WHAT IS EXPECTED
Exactly and only the lines below from the one containing "Invaders On The" down to the one containing "Couverture du livre" are wanted, both included; please exclude every picture.

INFORMATION PROVIDED
────────────────────
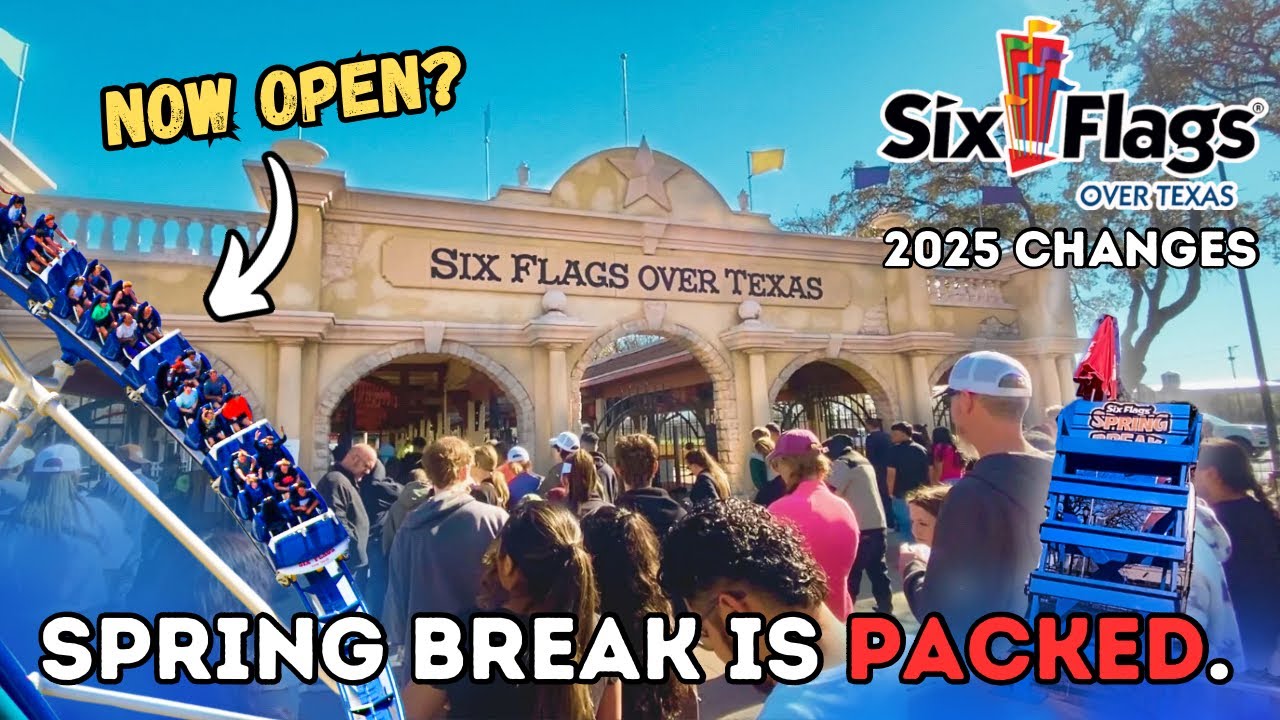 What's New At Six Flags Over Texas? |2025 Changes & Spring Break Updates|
────────────────────
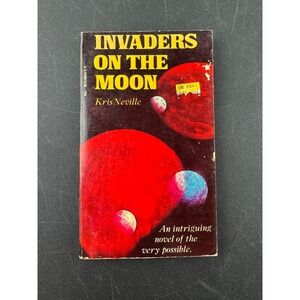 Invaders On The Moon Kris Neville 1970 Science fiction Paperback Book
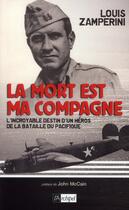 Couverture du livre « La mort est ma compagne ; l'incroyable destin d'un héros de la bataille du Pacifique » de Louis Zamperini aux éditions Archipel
────────────────────
EXERCISE ANSWER
 Invaders On The Moon Kris Neville 1970 Science fiction Paperback Book
 Couverture du livre « La mort est ma compagne ; l'incroyable destin d'un héros de la bataille du Pacifique » de Louis Zamperini aux éditions Archipel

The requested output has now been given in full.